Gelecek adına bütün planlarının hazır olduğunu da kaydeden Topaloğlu, “Sportif performansı yeniden yukarlara taşımak adına planlarımız şimdiden hazır teknik heyetimiz ileriye dönük planlarını hazırladı, ekim ayı sonundan itibaren 2024 Paris Olimpiyatları hazırlıklarına başlayacağız. Ne yapacağımızı, nasıl yapacağımızı biliyoruz.” değerlendirmesinde bulundu.
“Yasemin kızımız da çok önemli başarılara imza attı”
Topaloğlu, “İleriye dönük Türk okçuluğu artık hem takım bazında hem bireysel bazda olimpiyat madalyalarının en büyük adayıdır” dedi.

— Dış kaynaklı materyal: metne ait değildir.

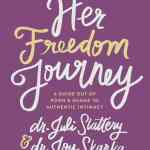 Her Freedom Journey: A Guide Out of Porn and Shame to Authentic Intimacy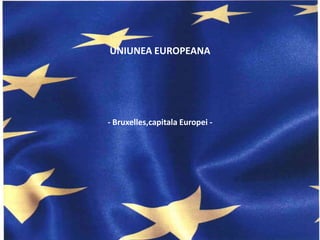 UNIUNEA EUROPEANA



Uniunea Europeana
     - Bruxelles,capitala Europei -

-Bruxelles, capitala Europei-
 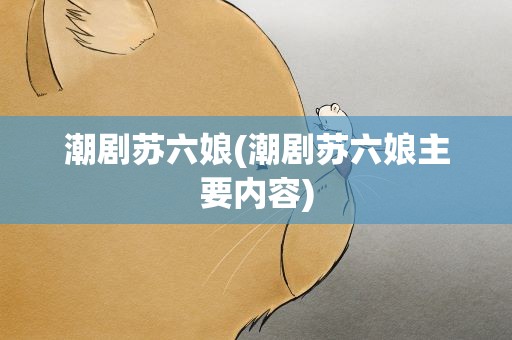 潮剧苏六娘(潮剧苏六娘主要内容)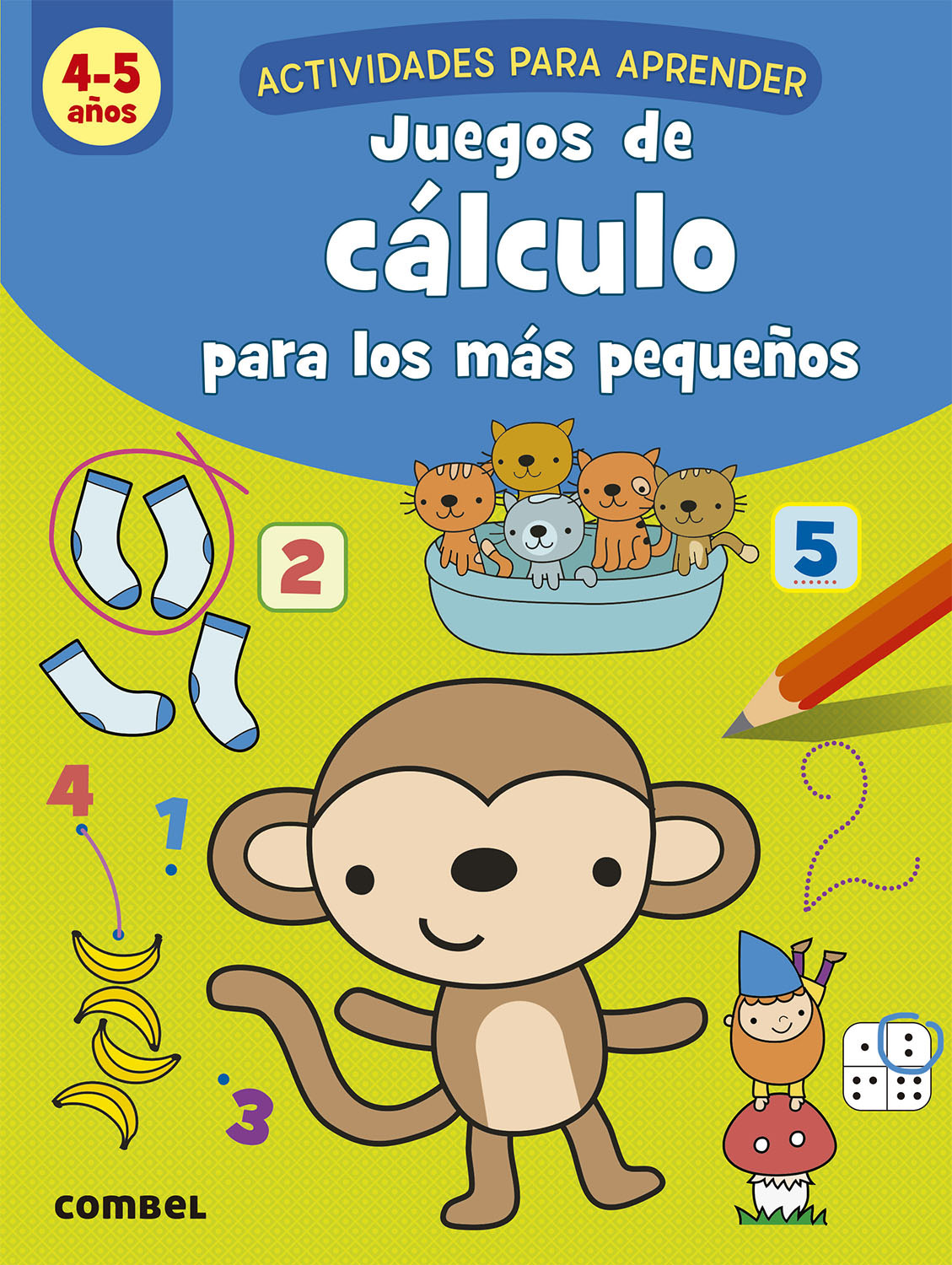 Juegos de cálculo para los más pequeños (4-5 años): Combel Editorial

Karışık takımda milli okçu Yasemin Ecem Anagöz’ün Mete Gazoz ile birlikte olimpiyat dördüncülüğü kazanmasının da küçümsenmeyecek bir başarı olduğunu vurgulayan Topaloğlu, şunları dile getirdi:
“Takımımız olimpiyat dördüncüsü oldu, bu da çok önemli ve çok büyük bir başarı. Olimpiyat dördüncülüğüne madalya verilmiyor ama bizim açımızdan gerçekten çok büyük bir başarı. Yasemin de Mete de büyük bir mücadele verdiler, başarılı bir savaş verdiler. Olimpiyatlarda biliyorsunuz dünyanın en iyi sporcuları var, bunların 64 tane sporcunun içinden gelip de ilk 4’e girmek de küçümsenecek bir başarı değildir. Yasemin kızımız da çok önemli başarılara imza attı, burada 3 tur geçti, dolayısıyla bizim için o da madalya almış kadar başarılı bir sporcumuzdur. 2024’te madalya alacak sporcuların en önünde gelen isim de Yasemin Ecem Anagöz olacaktır. Bundan sonra Yasemin’i herkesin takip etmesini tavsiye ediyorum.”